ABSCHNITT 96

Offenbarung, gegeben an Joseph Smith, den Propheten, am 4. Juni 1833 zu Kirtland, Ohio; sie zeigt die Ordnung der Stadt oder des Pfahls Zion und wird den Heiligen in Kirtland als Muster gegeben ( History of the Church , 1:352–353). Der Anlaß war eine Konferenz von Hohenpriestern, und das wichtigste Anliegen war die Verteilung einiger als die „French Farm“ bekannter Ländereien, die nahe Kirtland im Besitz der Kirche waren. Da sich die Konferenz nicht einigen konnte, wer die Farm übernehmen sollte, beschloß man einmütig, den Herrn wegen der Sache zu befragen.
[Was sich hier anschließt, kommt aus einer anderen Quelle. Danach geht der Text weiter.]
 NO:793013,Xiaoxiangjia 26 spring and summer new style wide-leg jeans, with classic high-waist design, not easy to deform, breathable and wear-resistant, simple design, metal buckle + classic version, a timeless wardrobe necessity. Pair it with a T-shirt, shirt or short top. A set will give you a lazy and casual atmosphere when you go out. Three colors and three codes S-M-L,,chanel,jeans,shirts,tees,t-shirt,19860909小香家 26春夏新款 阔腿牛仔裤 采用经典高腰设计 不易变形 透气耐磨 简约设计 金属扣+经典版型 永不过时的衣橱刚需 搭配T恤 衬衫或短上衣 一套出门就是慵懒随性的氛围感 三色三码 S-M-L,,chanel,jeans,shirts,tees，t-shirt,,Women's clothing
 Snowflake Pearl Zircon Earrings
1, Der Zionspfahl in Kirtland soll stark gemacht werden; 2–5, Der Bischof soll die Erbteile für die Heiligen einteilen; 6–9, John Johnson soll Mitglied der vereinigten Ordnung werden.

  Siehe, ich sage euch: Hier ist Weisheit, wodurch ihr wissen könnt, wie ihr in dieser Sache handeln sollt, denn es ist mir ratsam, daß dieser aPfahl, den ich zur Stärkung Zions gesetzt habe, stark gemacht werde.

  Darum soll mein Knecht Newel K. Whitney den Platz übernehmen, der von euch erwähnt wird und auf dem ich mein heiliges Haus zu bauen beabsichtige.

  Und weiter: Laßt ihn in Grundstücke eingeteilt werden, wie es zum Nutzen derer, die nach Erbteilen trachten, weise ist und wie ihr es im Rat unter euch beschließen werdet.

  Darum seht zu, daß ihr euch um diese Sache kümmert, ebenso um denjenigen Teil, der notwendig ist, um meiner aOrdnung zu nützen, damit mein Wort zu den Menschenkindern gebracht werden kann.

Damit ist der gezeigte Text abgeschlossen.